After an hour, I called everyone I knew. One of my friends had seen shoe polish at Rite Aid. It would be the last place I checked before giving up. They had purple.
I rushed back to the venue, and when Anabella arrived, I handed her the shoe polish. She thanked me and tried to give me money, which I refused. Nicole, the tour manager, gave me a music book as a gift. As I enjoyed the show, I was sure I'd be ushered backstage after the performance. I was wrong.
When Bow Wow Wow came to town to play the House of Blues this November, I doubted I'd make it backstage. I tried to get backstage at the Ted Nugent show there, even got the opening band's tour manager to put me on his guest list, but it was to no avail.

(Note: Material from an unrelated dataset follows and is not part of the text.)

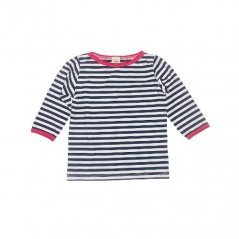 Dětské tričko 3/4 rukáv NAVY námořník - RED (Velikost 92-98)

I contacted Nicole, who remembered the shoe polish, and she told me I could hang backstage with them after the show. The concert was great. The set was short -- they were opening for Dramarama -- but they did their hits ("I Want Candy," "Do You Wanna Hold Me?" "Go Wild in the Country").
Usually you're bummed when concerts end, but I was stoked. I'd be hanging backstage with Anabella. You see, growing up, my friends had posters of Farrah Fawcett on their walls -- I had pictures of Anabella. When MTV went on the air, my favorite video was the one with Anabella dancing around on a beach. I was thrilled to discover that we were about the same age, which gave me the misguided belief that if I ever met her, I'd have a shot.

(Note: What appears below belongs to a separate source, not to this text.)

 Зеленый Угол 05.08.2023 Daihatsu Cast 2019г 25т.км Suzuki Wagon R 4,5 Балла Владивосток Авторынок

I watched Anabella exit stage left and followed by exiting audience right. Should I have brought flowers? Nah, that's going overboard. I had another idea. I went to the merchandise booth and bought one of her shirts, which I hung out of my back pocket.

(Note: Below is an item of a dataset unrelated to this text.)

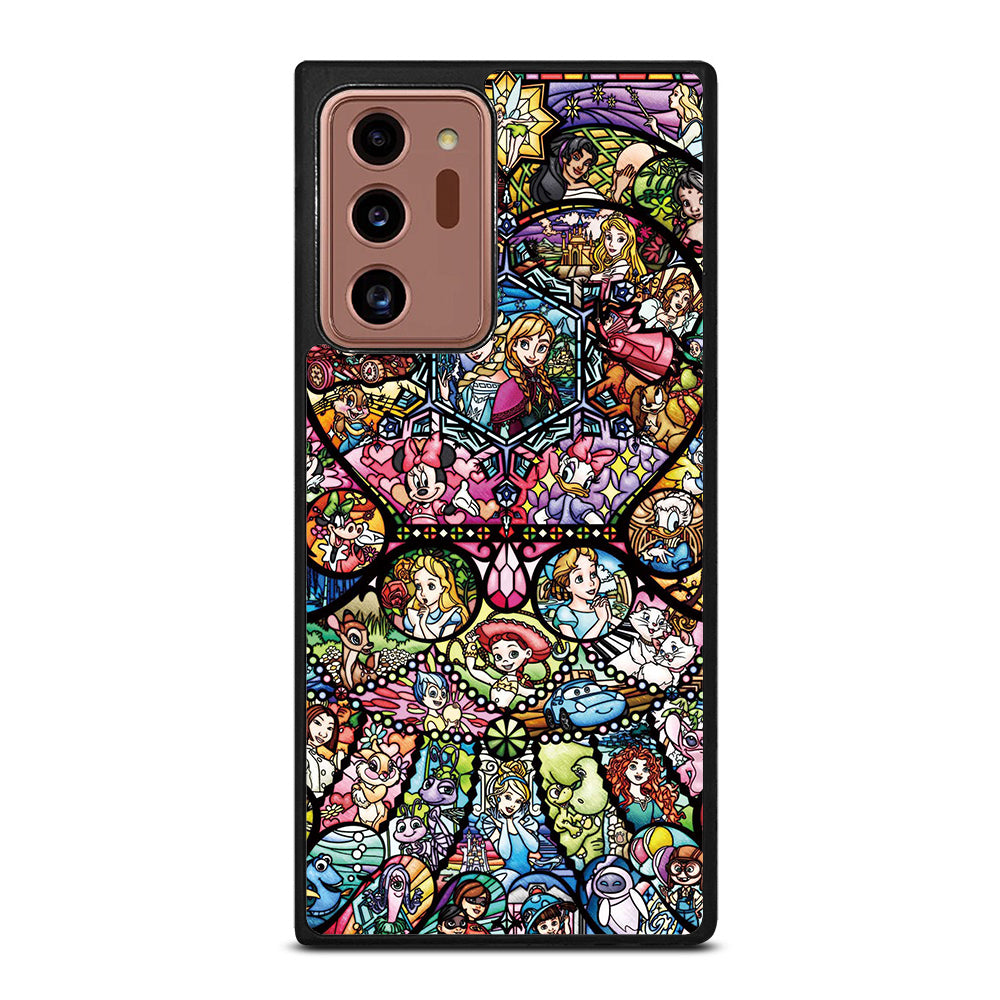 Disney All Character Puzzle Samsung Galaxy Note 20 Ultra Case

As I approached the backstage door, I could see the security guard tense up. He was ready for trouble. I had the backstage pass stuck to my leather jacket, and just as he lifted his arm for what I thought would be a left hook, I pointed to the pass. I was being paranoid. He was opening the door for me. I walked a few steps, made a sharp turn, and was backstage. Nicole and I hugged, and she introduced me to Anabella. I reminded her of the purple shoe polish, milking it again. She thanked me, and I said, "I never saw what you used it for." She told me that she never had time to apply it to her shoes. We made small talk, and I tried not to gush over her like the hardcore fan I am. She lifted a big bag, and I asked her if she needed help with it. She didn't. I mentioned the song "C30, C60, C90." It was written about the record industry and how many believed tape-recording albums would hurt record sales. In concert, she changed the lyrics, and I said, "It was clever how you updated that to include the word 'downloading.'" She replied, "Ah, you noticed." She then noticed the shirt hanging from my pocket. She smiled as she yanked it from me, saying, "Look you guys! I have my own shirts now!" She handed it back, thanking me for buying it. I was making progress.
As she went to the corner, I walked past the fruits and chips that had been set up for the band. I met the drummer, who was new to the band, and we talked briefly.
Bassist Leigh Gorman was packing his gear when a fan said, "I love everything you've ever done." Gorman smiled, and I said, "I do too. Well, except for the Paris album," a CD by their former manager, Malcolm McLaren. He laughed and told me how long it took to make that record. We talked music for about 15 minutes, and I could see Anabella looking at me from the corner of my eye. Was she wondering why I wasn't talking to her anymore? My ego wanted to believe this, but she was probably wondering who I was -- one of the few people back here with her band mates.
I approached her and asked if the blue wig she wore to start the show was distracting. She looked puzzled by the question. I said, "I saw you move it once, like it was about to fall off." She laughed and said, "You noticed that, did you?" I asked her why the band never played "Cast Iron Arm" live, and she told me that song was one of their early demos. One of the opening bands came backstage wanting pictures with her, and I went to talk to their guitarist. He told me he also plays in the band Common Sense.
I heard someone remind Anabella of a previous time they had met. She didn't remember. I told her that Saturday Night Live did a skit once where Paul Simon remembered everyone that had ever met him after a show, and he described the clothes they wore at the time. But he didn't recognize Garfunkel when he walked in. She looked to her friend and said, "He has a story about everything." I wasn't sure if that was a compliment or not.